On 13.01.2014 12:48, Markus Weippert wrote:
Hi,
I'm having some issues with replicating public namespaces. Everything seems to work fine for private namespaces, but while importing some huge mailboxes (many small mails) into a public namespace via imapsync, something goes wrong.
The expected mail flow is: old-server (imapsync)> new-server1 (replication)> new-server2
But then, dovecot seems to run into race conditions when the replications process tries to sync the same public mailbox under two or more different users at the same time. As a result, messages get duplicated, new-server2 sends those back to new-server1 which then starts to produce duplicates too. If I don't kill the processes in time and delete the faulty mailbox, they start to produce thousands of mails. In fact, server2 should not export messages at all, since it's not productive yet and does not get any mail except from the replication.
The only thing getting logged (only few compared to the huge amount of duplicates produced): "dsync-server(user@example.com): Warning: Maildir /...: Expunged message reappeared, giving a new UID"
Is there any way to fix this?
Regards, Markus
I looked into this a bit more.

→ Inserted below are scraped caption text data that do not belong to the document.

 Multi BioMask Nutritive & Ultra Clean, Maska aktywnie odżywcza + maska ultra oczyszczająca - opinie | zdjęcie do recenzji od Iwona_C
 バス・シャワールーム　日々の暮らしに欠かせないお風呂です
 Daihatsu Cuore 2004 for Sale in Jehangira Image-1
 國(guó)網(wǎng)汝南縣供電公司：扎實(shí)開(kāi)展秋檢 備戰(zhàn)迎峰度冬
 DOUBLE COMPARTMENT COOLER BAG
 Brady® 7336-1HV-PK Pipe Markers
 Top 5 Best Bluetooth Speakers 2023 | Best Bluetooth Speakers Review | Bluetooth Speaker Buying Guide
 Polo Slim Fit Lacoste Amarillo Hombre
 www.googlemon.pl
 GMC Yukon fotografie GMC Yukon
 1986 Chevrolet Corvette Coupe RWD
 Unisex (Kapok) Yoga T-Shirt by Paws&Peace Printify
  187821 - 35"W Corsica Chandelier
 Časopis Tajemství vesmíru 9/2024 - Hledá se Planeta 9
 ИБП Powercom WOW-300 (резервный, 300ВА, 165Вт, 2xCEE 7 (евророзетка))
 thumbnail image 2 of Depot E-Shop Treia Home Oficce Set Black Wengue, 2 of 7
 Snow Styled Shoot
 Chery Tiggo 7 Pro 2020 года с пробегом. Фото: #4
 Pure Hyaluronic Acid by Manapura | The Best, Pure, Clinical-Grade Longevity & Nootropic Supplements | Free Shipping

The problem seems to be, replication locking is only done at user level. For public namespaces, this allows two replication processes to sync the same mailbox in parallel. So I did a (poor) implementation for mailbox level locking. It locks the mailbox with a lock file in the control directory on both sides (not sure if that's necessary) and skips locked mailboxes instantly, because they are currently being synced anyway. It actually works in my setup. The duplicate messages are gone. It logs some warnings when two replication processes try to access the same mailbox at once, which seems to happen quite frequently in public namespaces.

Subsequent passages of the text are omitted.